Let's regard it from the peculiar and confounding state right in between dream/awakening. Here you are alert enough to be aware of your inexplicable sights but still incapable of escaping your horrors. Next to the heart-rending love songs, the dream state is about the most worn out lyric choice. To catch the attention of the listener you have to come up with a try to something fresh. Hackett really does here, actually Entangled is a sterling counterpoint to 'Counting Out Time' in its field. It's subtle and earnest. We need more exploratory lyrics on this subject. Bearing both For Absent Friends and More Fool Me in mind, even if a fifth member had been brought in we would rightly have heard Collins sing here, not least because he's jobless on the drums, but just as much on account of his timely strength and authority. Entangled is on the stronger side of the vocal feats on Trick, and there are more to be proved. The almighty keyboard final turns the average church organ equipment into a toy instrument. The whole canopy and its underlying universe seem to be a vital part of this primeval force. If there's over intelligent life in the Andromeda galaxy, then they probably have located at least some parts of Tail and accordingly invented a brand new genre; Universal Music. More facts, Entangled is the first song that Hackett introduced on stage. The sitting guitarist stood up and finally made his voice heard live. Not entirely without problem, he stopped short and had to start all over again, slightly embarrassed. Anyhow, the ice was broken. Steve was even heard doing one of the vocal parts as his confidence rose.

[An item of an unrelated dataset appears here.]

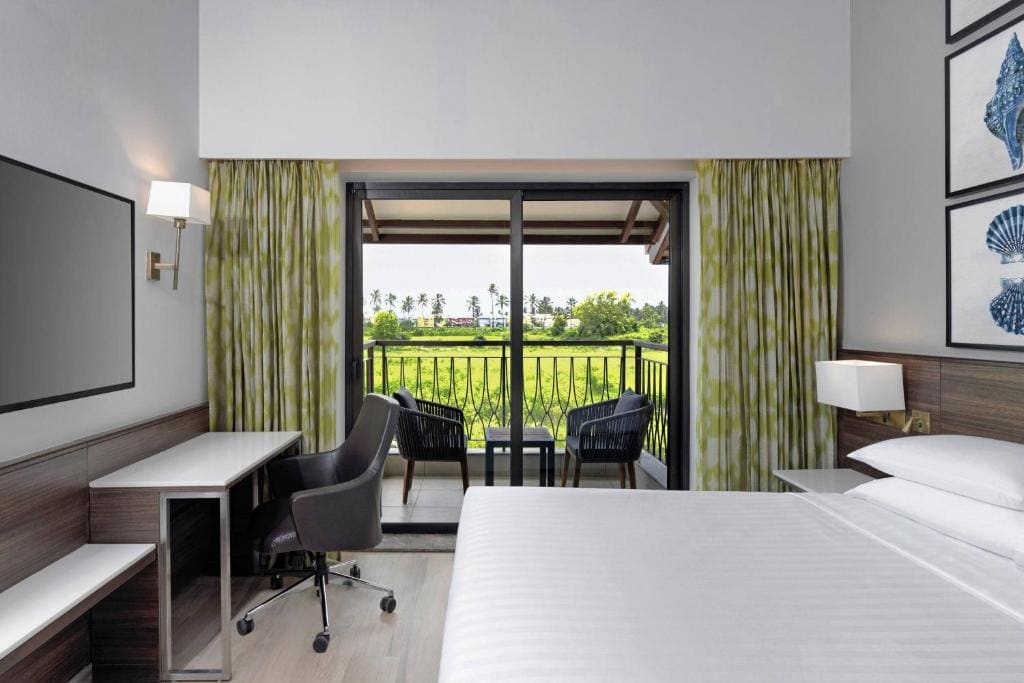 Fairfield Deluxe Room with Balcony - Complimentary evening high tea on day of arrival between 4.30 PM and 6.30 PM (validity 30th Sep, 2026) - Beer on Arrival room - Image 3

As demonstrated, much happened in a year after Gabriel had left. The extra five percent of room he offered each and every remaining comrade were utilized to the breaking-point. Though never calculated mathematically, it became a true to life equation. If Entangled was erudition in the art of 12-string acoustic then Dance on a Volcano is an eruption of the equivalent electric. In other words, the upper half of Rutherford's double-neck. The weight of the song is equivalent to the hostile surroundings on this gruesome mountain. Possibly the heaviest and smokiest Genesis composition regulated from an adjacent control room. The volcano is actually just as big a threat, or even worse, than the comet from outer space. We all know 'bout the extinction of the dinosaurs but long before that, there are theories about a sinister volcano which annihilated about 90% of all living species on mother earth. Or at least greatly contributed to it. The small percentage that trod on and finally led to the human race can justly be said to have chosen the right steps in their pre-historic dance. Music is also a vital part here, the raw and thunderous 12-string has been mentioned. Volcano is the song where its dimensions come to life. Together with monumental Achilles Last Stand(both recorded late 75 and released 76), Volcano owns the most refined effects of the underused instrument. The Old Norse Tor defies Greek deity Atlas in a trial of strength. Rutherford, Banks and Collins began rehearsing as Hackett was belated by his solo, or pre-Genesis project. It's only question about a couple of days, but even this limited period was telling. Would Volcano have behaved differently if Hackett had been present from minute one? Not impossible as it was entirely set up in the heat of the moment. In any case, the finished product doesn't ask for any restructuring. The scorching mid section is very tough indeed, both in tone and wording. Hackett's influence and writing are apparent in last part of the title. For some inexplicable(or explicable) reason it was sacrificed live, it became a dual drum solo and a medley linked to Los Endos. The drum performance notwithstanding, how would the full version have developed on stage? The playful half speed sound distortions are also to be found on Please Don't touch, which indicates whose behind this invention.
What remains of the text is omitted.